Your answer should reproduce every line of the material in which the word "Hotel" occurs.
----------------------------------------
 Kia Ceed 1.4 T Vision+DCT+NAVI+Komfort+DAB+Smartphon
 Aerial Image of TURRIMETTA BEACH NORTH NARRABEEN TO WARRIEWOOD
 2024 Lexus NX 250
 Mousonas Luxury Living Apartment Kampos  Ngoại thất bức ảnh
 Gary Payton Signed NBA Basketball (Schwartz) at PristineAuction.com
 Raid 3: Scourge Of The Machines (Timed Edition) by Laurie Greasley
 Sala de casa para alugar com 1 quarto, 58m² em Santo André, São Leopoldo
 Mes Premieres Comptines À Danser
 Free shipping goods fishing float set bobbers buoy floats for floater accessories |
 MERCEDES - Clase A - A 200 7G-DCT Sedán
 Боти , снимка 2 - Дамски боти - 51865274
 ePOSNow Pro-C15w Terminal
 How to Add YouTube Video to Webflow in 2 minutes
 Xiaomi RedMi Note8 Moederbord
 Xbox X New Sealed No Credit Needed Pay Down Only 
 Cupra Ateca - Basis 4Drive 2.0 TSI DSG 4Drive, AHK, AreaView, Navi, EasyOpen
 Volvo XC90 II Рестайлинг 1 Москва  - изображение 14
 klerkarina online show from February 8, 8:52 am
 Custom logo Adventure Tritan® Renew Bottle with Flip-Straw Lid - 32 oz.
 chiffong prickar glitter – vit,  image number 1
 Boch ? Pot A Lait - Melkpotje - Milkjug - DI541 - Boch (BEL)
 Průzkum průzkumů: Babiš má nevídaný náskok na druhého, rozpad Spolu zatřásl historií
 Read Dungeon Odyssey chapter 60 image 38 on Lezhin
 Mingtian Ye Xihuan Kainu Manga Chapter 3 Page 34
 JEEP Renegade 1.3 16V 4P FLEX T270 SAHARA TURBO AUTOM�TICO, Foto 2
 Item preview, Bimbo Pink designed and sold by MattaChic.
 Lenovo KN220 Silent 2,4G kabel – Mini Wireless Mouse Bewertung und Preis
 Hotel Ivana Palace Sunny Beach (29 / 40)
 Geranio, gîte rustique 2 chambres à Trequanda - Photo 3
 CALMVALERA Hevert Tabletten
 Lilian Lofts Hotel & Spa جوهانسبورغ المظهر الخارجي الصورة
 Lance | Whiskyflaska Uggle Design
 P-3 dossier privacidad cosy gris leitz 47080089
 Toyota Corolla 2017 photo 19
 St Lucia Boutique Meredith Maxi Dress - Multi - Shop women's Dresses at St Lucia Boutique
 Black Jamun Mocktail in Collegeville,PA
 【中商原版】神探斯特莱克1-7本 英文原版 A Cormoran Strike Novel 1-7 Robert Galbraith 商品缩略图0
----------------------------------------
→ **Response to this exercise**:
 Hotel Ivana Palace Sunny Beach (29 / 40)
 Lilian Lofts Hotel & Spa جوهانسبورغ المظهر الخارجي الصورة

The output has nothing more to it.